Facilities for regional tumor hyperthermia has been in use at RPMI since 1976, and have been routinely used to treat patients according to protocol since 1977. Hyperthermia delivery has been exclusively by microwave using 434 MHz, 915 MHz and 2450 MHz. Greatest success at reaching tumor temperatures of 43-44 degrees C with minimal skin heating was obtained using 915 MHz. The majority of the patients were treated with this frequency. Approximately 125 patients have been treated and 70 have achieved completion of therapy and follow-up. Follow-up has been at least one month and several patients have been followed for one to two years. Initially, for entry into the hyperthermia protocol, patients were required to have three or more lesions. One lesion on each patient was treated with 800 rad fractions repeated three times on a 72 hour schedule. The second lesion was treated with 700 rad fractions and the third with 500 rad plus hyperthermia on the same schedule. Twelve patients with multiple melanoma lesions completed this study. One of 12 patients showed no response to the combination of hyperthermia plus radiotherapy, while four showed no response to radiotherapy alone. Of eight patients who survived three months, all lesions treated by hyperthermia plus radiotherapy responded completely, while only five lesions treated by radiotherapy alone so responded. In a second study, 58 patients with superficial tumors were treated by a protocol where hyperthermia was added to optimal conventional radiotherapy. Of the total, 43 patients had complete tumor response at follow-up varying from one month to 18 months. A subgroup of 24 of these patients had two lesions, one of which was treated with hyperthermia in addition to radiotherapy while the other served as control, receiving radiotherapy only. Nineteen lesions demonstrated complete response to hyperthermia plus radiotherapy, while only 14 of the controls had complete response. None of the lesions treated with hyperthermia responded less well than those treated by radiotherapy alone. Morbidity, as measured by skin reaction, was rarely increased in the heated field.
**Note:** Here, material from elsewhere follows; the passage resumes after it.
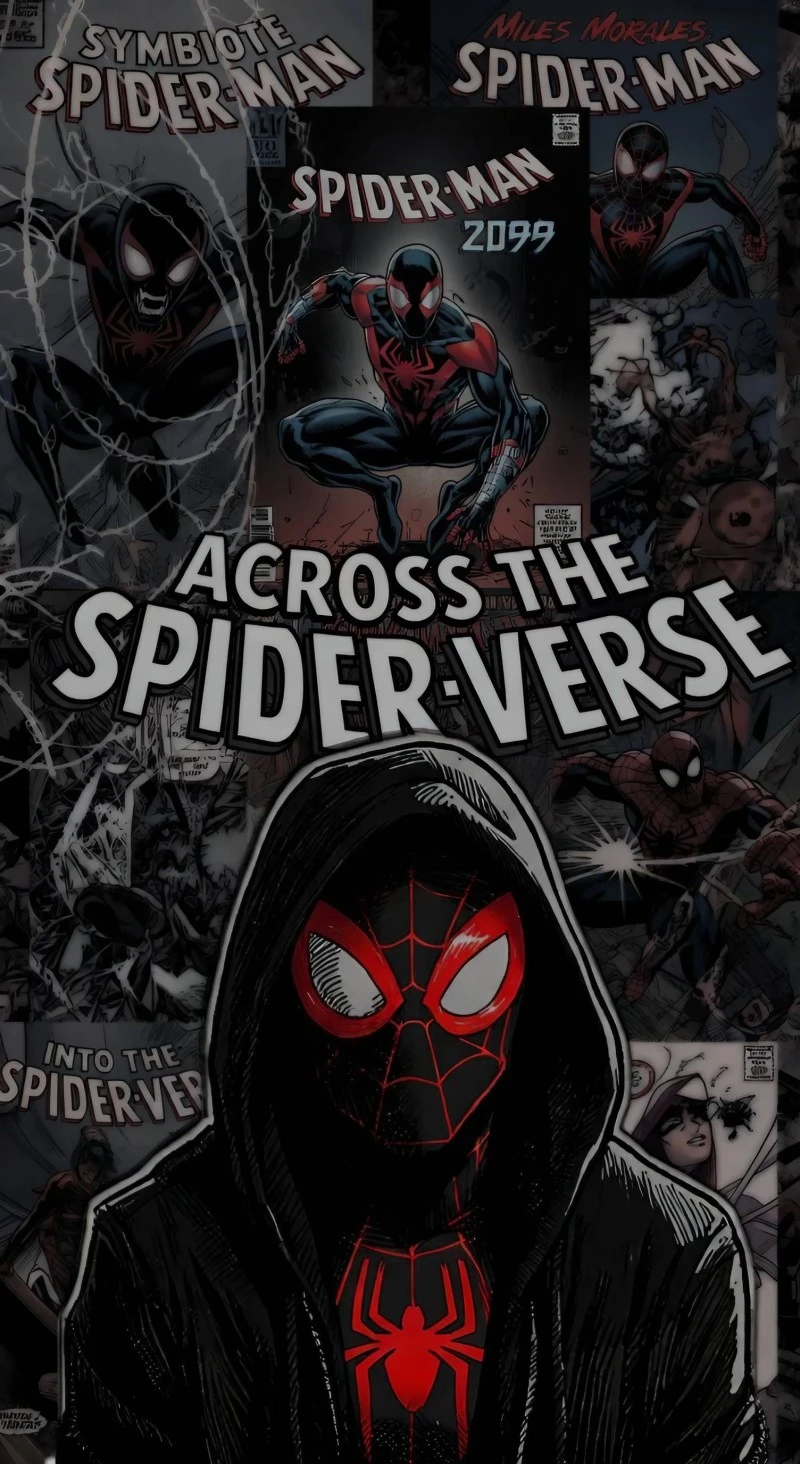 Miles Morales Symbiote Spider-Verse Comic Collage Wallpaper 4K Mobile Wallpaper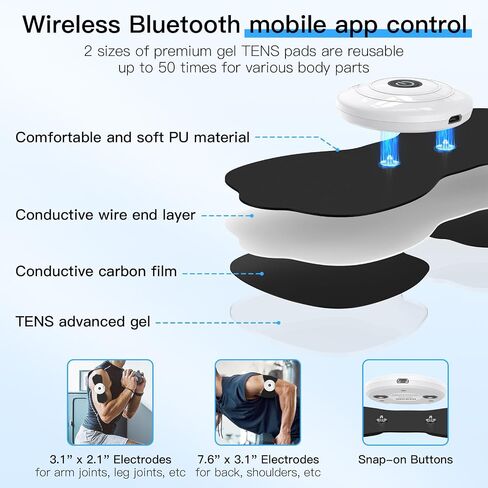 Wireless TENS & EMS Unit Back Pain Relief Massager - APP Controlled Bluetooth EMS Muscle Stimulator Machine for Back Shoulder Leg Neck Pain Relief (Black) in Saudi Arabia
自1976年以来,罗斯韦尔帕克纪念研究所(RPMI)就一直在使用区域肿瘤热疗设备,自1977年起便按照方案常规用于治疗患者。热疗仅通过使用434兆赫、915兆赫和2450兆赫的微波进行。使用915兆赫时,在使肿瘤温度达到43 - 44摄氏度且皮肤受热最小方面取得了最大成功。大多数患者接受的就是这个频率的治疗。大约125名患者接受了治疗,其中70名已完成治疗及随访。随访时间至少为一个月,有几名患者已被随访一至两年。最初,为了进入热疗方案,要求患者有三个或更多病灶。每位患者的一个病灶接受800拉德分次照射,按72小时的时间表重复三次。第二个病灶接受700拉德分次照射,第三个病灶接受500拉德加相同时间表的热疗。12名患有多发性黑色素瘤病灶的患者完成了这项研究。12名患者中有1名对热疗加放疗的联合治疗无反应,而有4名对单纯放疗无反应。在存活三个月的8名患者中,所有接受热疗加放疗治疗的病灶均完全缓解,而仅接受放疗治疗的病灶只有5个完全缓解。在第二项研究中,58名浅表肿瘤患者按照将热疗添加到最佳常规放疗中的方案进行治疗。总共43名患者在随访(时间从一个月到18个月不等)时肿瘤完全缓解。这些患者中有一个24人的亚组有两个病灶,其中一个病灶除放疗外还接受热疗,另一个作为对照,仅接受放疗。19个病灶对热疗加放疗表现出完全缓解,而对照组中只有14个病灶完全缓解。接受热疗治疗的病灶,其反应情况不比单纯接受放疗治疗的病灶差。以皮肤反应衡量的发病率在受热区域很少增加。